Internal engine layout

It seems having an internal engine on a Vivacity 20 is very unusual. As such a number of people on the excellent Yahoo forum  have shown an interest in the layout.  I have tried to document in this post.

Engine Housed beneath hatch

Positioned beneath the entry hatch the engine does not intrude into the cabin too much but allows sufficient access for maintenance. This is balanced by lead ballast in bows for balance.

Engine in situ with cover removed

Arrangement of fuel line, exhaust & propeller shaft behind engine under cockpit

Batteries charged by engine

Fuel tank in port cockpit locker

All of this is then counterweighted with a load of old lead piping packed in the bows.

Stuart Turner Engine – part II


After advice from friends and forums it was time to head back and give everything a go. So armed with a new spark plug, a tin of 3-in-1 and a can of gypsy breath (easy start) I headed over to the boat yard to try getting the engine going again.

First off was a good glug of oil straight into the cylinder in case the seals had shrunk. After giving it a few cranks to give everything a nice coating I fitted the new spark plug.  Then it was back to cranking away. There was definitely some improvement. It was a lot easier and after a while a nice “shhh-ti-cop” noise began to come from the carb with each turn but it still wasn’t firing.

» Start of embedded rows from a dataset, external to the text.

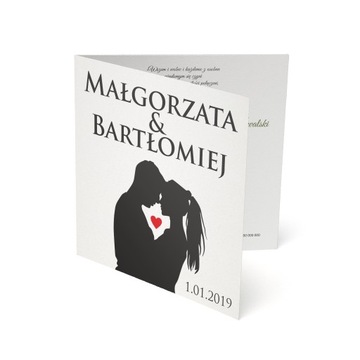 ZAPROSZENIA ŚLUBNE papier PŁÓTNO para młoda love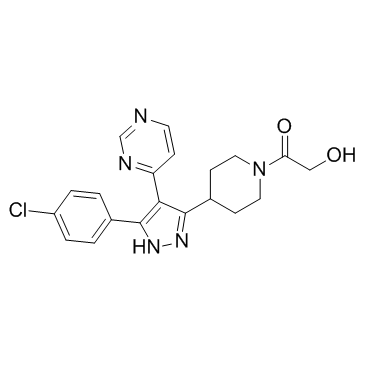 3-[N-(2-羟基乙酰基)-4-哌啶基]-4-(4-嘧啶基)-5-(4-氯苯基)吡唑结构式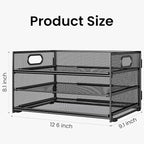 Subekyu 2-Pack 3-Tier Paper Letter Tray Organizer for Desk, Black Metal Mesh File Sorter Organizer with Handle and 1 PC Sliding Tray for Home Office School Desk Supplies Organization Storage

Next I tried adding a couple of drops of fuel straight into the cylinder.  After a few cranks there was a spark of life and the fly wheel turned a couple of times before dying. Enthused I tried again but nothing. Then took the spark plug out, dried it and replaced it. A few cranks and bingo. Another brief sign of life. I repeated the cycle a number of times, then the yard owner had a go. Strangely, the old spark plug seemed to work better. By now where getting three spins. Scratching our heads we checked everything to find the exhaust valve was not open. Remedying this and there was  a cough a splutter and then a shuddering build up as the engine kicked into life. Once up an running and it seemed hard to conceive of a more satisfying sound!

Since this time there have been a few breakdowns due to a variety of faults including the need to clean the carburettor and not having enough fuel in the tank. It was by no means empty, but being gravity fed needs the tank to be more than half-full to operate properly.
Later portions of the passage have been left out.